A month by month account of the omnishambles that was 2020 up north
It was the year we finally learned to bake soda bread, finished Netflix and picked up a foreign language or two.
But it hasn’t all been good.
As we prepare - finally, to flush 2020 down the pan, Mancunians have good reason to reflect on the swirling ironies which have underscored our year.
For much of it, we’ve been regarded by the rest of the land as the nation’s lepers. Feckless. Monkey-walking. Larging it. Domiciled twelve-to-a-festering-terrace. Passing covid round in a bong. Flipping the Vs to public safety. In need of our own special rules and regulations. And less deserving of public money than a National Centre for Pan-European Friendship.
You name it, it could be ladled out of a window into a carton to be snaffled on the go by the discerning plague rat.

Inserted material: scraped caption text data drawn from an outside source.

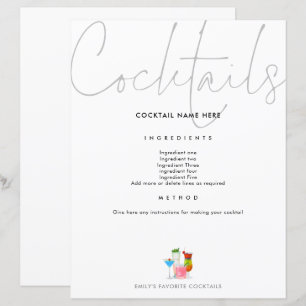 Cocktail Recette pour Classeur Page Futur Mme.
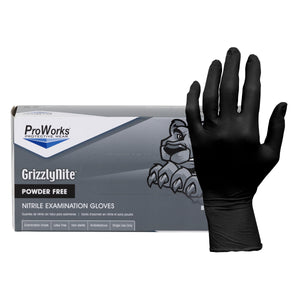 ProWorks GrizzlyNite Powder Free Black Nitrile Gloves (5.5 mil) | Exam Grade | Case of 1000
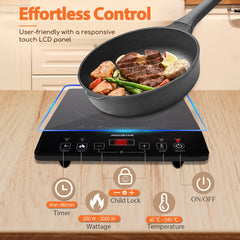 Inductie Kookplaat vrijstaand - Elektrische kookplaat - 2000W - Zwart - Aigostar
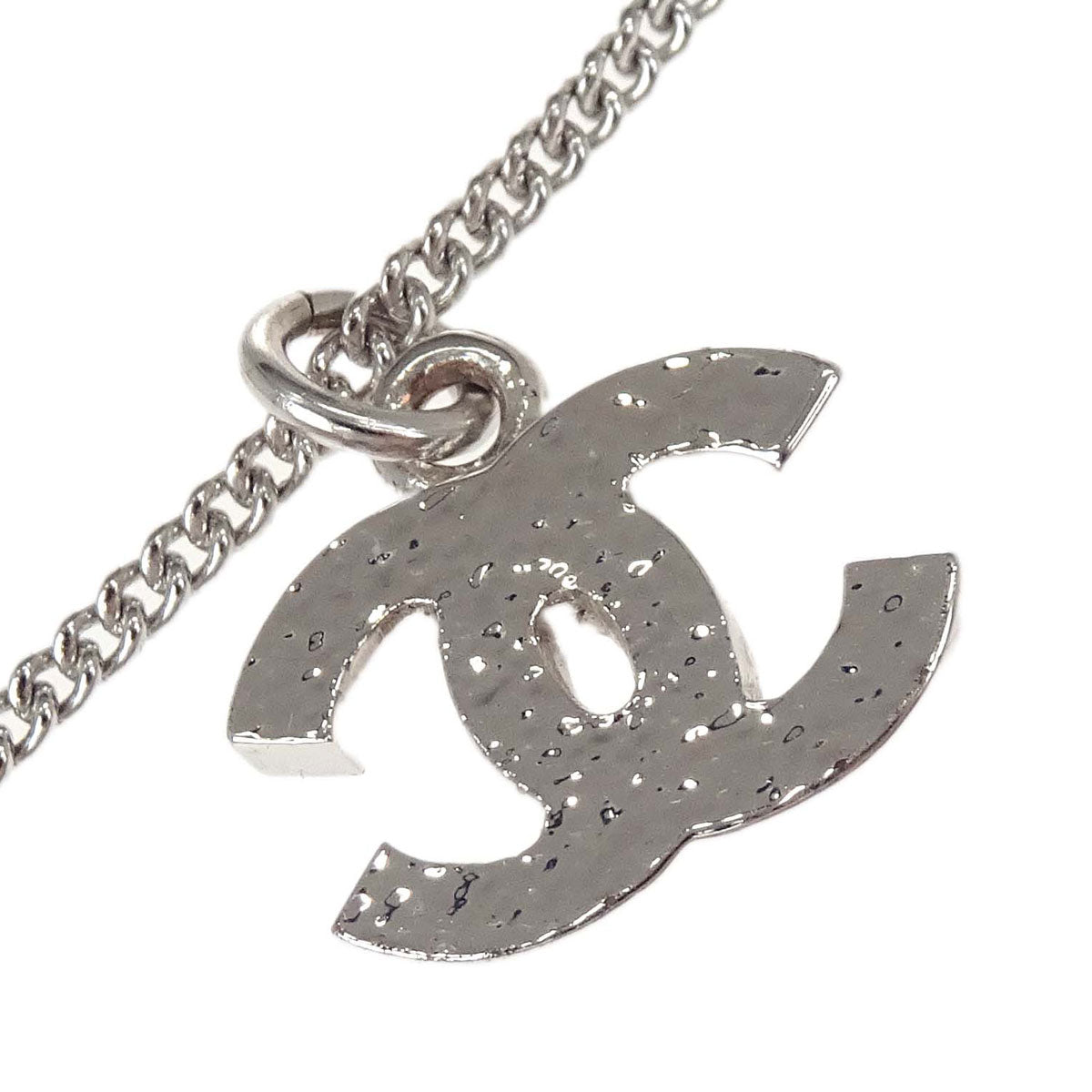 Chanel CC Chain Necklace Pendant Silver Rhinestone 07V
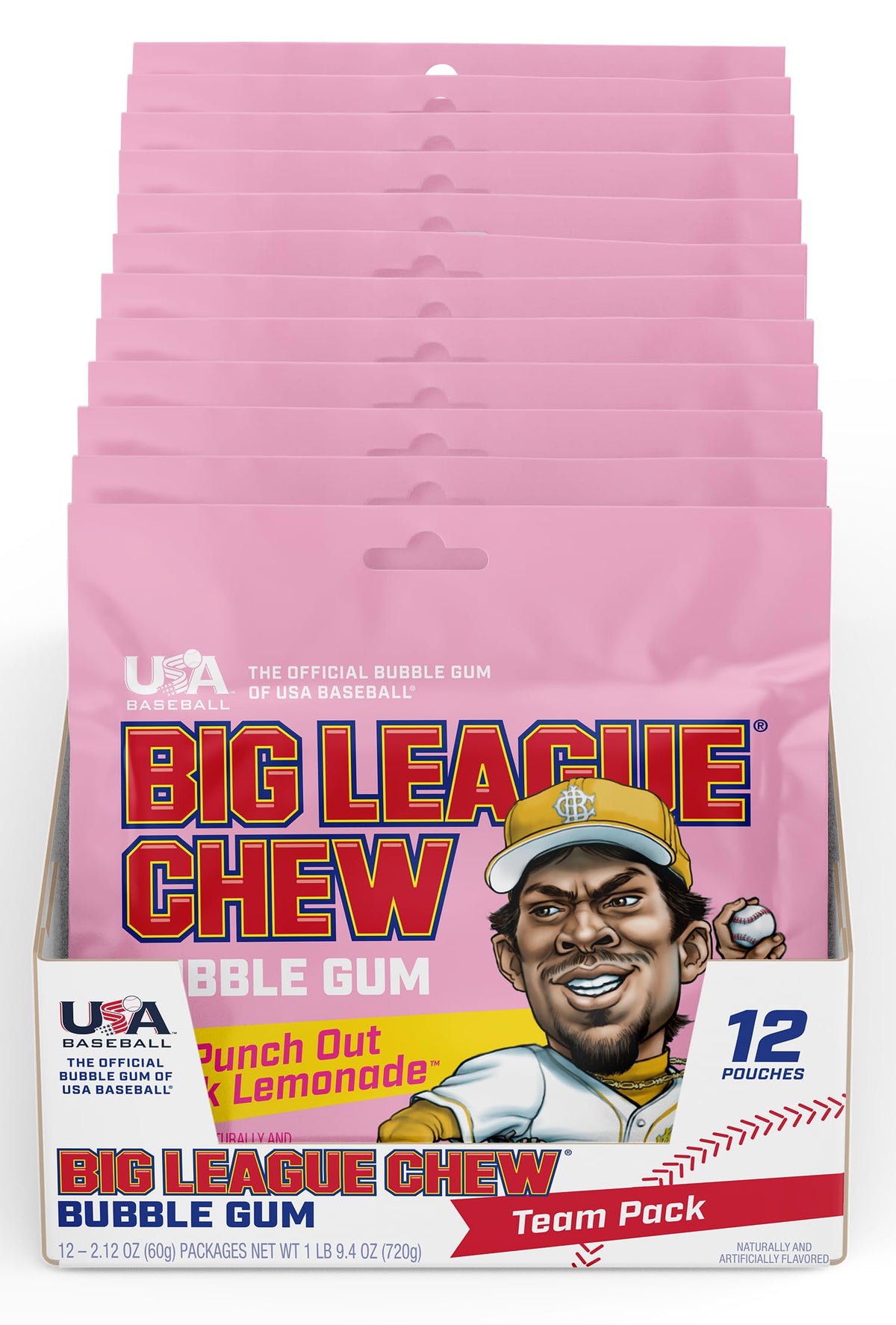 Big League Chew Punch Out Pink Lemonade bag closeup emphasizes shredded gum texture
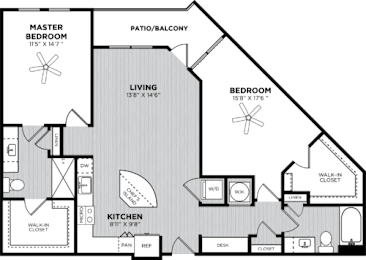 2 beds, 2 baths, 1,210 sqft, $2,217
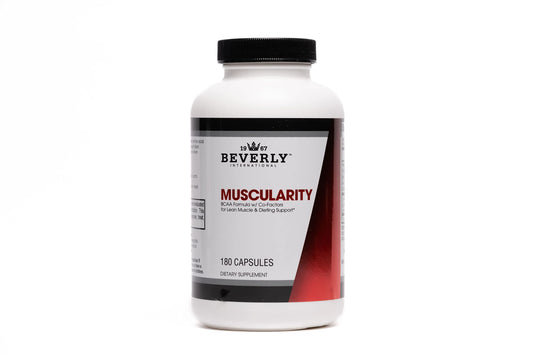 Beverly International Muscularity BCAA bottle showing easy-to-swallow capsules for lean muscle support.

Now, with the South East having endured the holiday period in its own bespoke Alert Level, with its own bespoke financial package, on the crest of its own bespoke tidal wave of public health issues, the consequences of complacency and anti-northern prejudice at a time of national emergency are playing out like the just desserts sequence in a shit disaster movie.
The baked-in hubris with which our world is sold back to us runs through the Mancunian year like hipsters through an old cotton mill.
And as we know, staring at four walls and learning to live in your own head is hard enough without being gaslighted by every news-shitting smart device in the house.
Before we were ever even asked to ‘do the math’ on herd immunity, we were struggling to get our heads around Reynhard Sinaga – the overseas student who in January was convicted at Manchester Crown Court of more rapes than you could pin on a Carthage General - making him by most counts the world’s most prolific offender.
It was the story no-one knew what to do with, or could look squarely in the eye: the anonymous man from privilege in the Canal Street-facing flat who lived his life out online, finding validation on social media, sharing mementoes of his crimes on WhatsApp and taking the selfie to psychotic extremes.
Where were the Guardian think-pieces at the culmination of that episode?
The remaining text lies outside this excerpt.